Do you listen to Shane&Shane? I was listening to the song "Waiting Room" this morning and some of the lyrics really spoke to my heart.

Lord I know if I change my mind

You will change my heart in time
Sovereign Lord this time's from you
So I sit in the waiting room of silence


There are big decisions that must be made.
 We want to follow the Lord's leading, but sometimes it is hard to decipher His still small voice from the desires of my own heart. 
Is my faith big enough to follow God's leading?

Source: etsy.com via Grace on Pinterest

Asking, seeking, listening for that still small voice, wishing it was more like a loud, booming thunder.
Is there anything that is keeping me from really hearing His voice?

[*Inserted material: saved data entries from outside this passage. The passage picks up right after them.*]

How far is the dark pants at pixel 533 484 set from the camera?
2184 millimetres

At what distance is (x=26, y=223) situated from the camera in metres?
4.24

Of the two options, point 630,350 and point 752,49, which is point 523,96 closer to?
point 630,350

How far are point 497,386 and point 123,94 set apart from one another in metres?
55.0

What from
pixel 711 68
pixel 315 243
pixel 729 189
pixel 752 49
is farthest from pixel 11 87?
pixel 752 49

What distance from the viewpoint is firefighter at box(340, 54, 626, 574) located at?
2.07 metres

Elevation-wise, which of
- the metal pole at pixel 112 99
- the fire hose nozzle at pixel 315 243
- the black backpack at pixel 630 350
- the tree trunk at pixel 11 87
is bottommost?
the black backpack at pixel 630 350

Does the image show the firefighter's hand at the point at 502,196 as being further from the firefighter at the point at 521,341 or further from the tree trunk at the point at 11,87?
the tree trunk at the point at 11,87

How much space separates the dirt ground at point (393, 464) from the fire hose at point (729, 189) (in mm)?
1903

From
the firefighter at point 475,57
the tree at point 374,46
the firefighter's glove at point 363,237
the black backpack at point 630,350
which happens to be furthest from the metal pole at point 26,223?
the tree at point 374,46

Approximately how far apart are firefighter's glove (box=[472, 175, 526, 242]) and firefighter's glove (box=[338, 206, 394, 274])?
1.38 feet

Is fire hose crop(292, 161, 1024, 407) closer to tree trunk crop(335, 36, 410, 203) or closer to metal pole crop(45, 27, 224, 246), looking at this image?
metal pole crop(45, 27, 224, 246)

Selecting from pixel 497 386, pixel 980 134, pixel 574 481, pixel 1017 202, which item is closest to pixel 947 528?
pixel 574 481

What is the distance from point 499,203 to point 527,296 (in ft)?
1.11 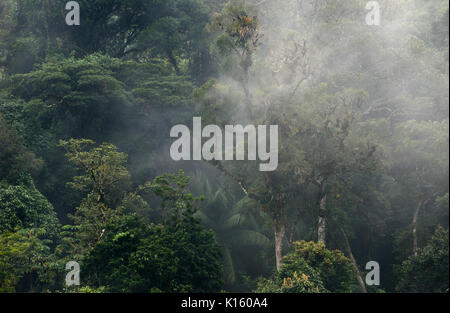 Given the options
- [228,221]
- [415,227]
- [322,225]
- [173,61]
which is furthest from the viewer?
[173,61]

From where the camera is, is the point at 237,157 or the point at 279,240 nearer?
the point at 279,240

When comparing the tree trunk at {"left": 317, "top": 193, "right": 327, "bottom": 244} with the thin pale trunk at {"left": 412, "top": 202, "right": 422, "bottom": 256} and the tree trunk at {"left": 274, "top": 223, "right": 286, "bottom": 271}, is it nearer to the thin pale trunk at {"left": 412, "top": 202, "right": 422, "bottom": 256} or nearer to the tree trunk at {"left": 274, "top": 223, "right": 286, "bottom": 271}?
the tree trunk at {"left": 274, "top": 223, "right": 286, "bottom": 271}

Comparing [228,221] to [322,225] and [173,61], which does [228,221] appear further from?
[173,61]

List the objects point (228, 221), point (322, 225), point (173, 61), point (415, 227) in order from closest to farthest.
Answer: point (415, 227) < point (322, 225) < point (228, 221) < point (173, 61)

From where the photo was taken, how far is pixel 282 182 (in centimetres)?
1308

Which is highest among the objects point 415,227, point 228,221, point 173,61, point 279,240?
point 173,61

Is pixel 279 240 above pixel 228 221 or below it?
below

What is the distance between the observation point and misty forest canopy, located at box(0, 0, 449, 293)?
11242mm

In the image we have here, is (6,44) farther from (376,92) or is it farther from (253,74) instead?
(376,92)

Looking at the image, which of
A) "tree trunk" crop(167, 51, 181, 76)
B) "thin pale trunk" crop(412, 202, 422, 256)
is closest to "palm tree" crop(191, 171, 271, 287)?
"thin pale trunk" crop(412, 202, 422, 256)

I'm not holding hands with peace in this situation- yet.
Is it because it is not a desire of my heart [even though it might be the best thing right now] or is it the Lord saying, 

"Wait" 

"Trust Me"


Renew my mind. Change my heart. Speak to me. 
Help me to think about such things, to hear your voice, and obey.

"Do not conform to the pattern of this world, but be transformed by the renewing of your mind. Then you will be able to test and approve what God’s will is—his good, pleasing and perfect will."
Romans 12:2

I know that the Lord is interested in our heart/intention. 
He is looking at our hearts, searching our innermost thoughts, our motives. 
Is He pleased with what He finds? 
Does He see a heart desiring to seek, hear, and obey HIM?
A heart of faith?
Faith, from which action springs.

Even in the waiting room of silence [or uncertainty]
I will fix my heart on Jesus.
The One who knows-
Who sees what we cannot-
The Author and Perfecter.

If we change/renew/fix our minds on the Lord
He will do the transforming/healing/renovating work in our hearts.

"Search me, God, and know my heart; 



   test me and know my anxious thoughts. 
 See if there is any offensive way in me, 
   and lead me in the way everlasting."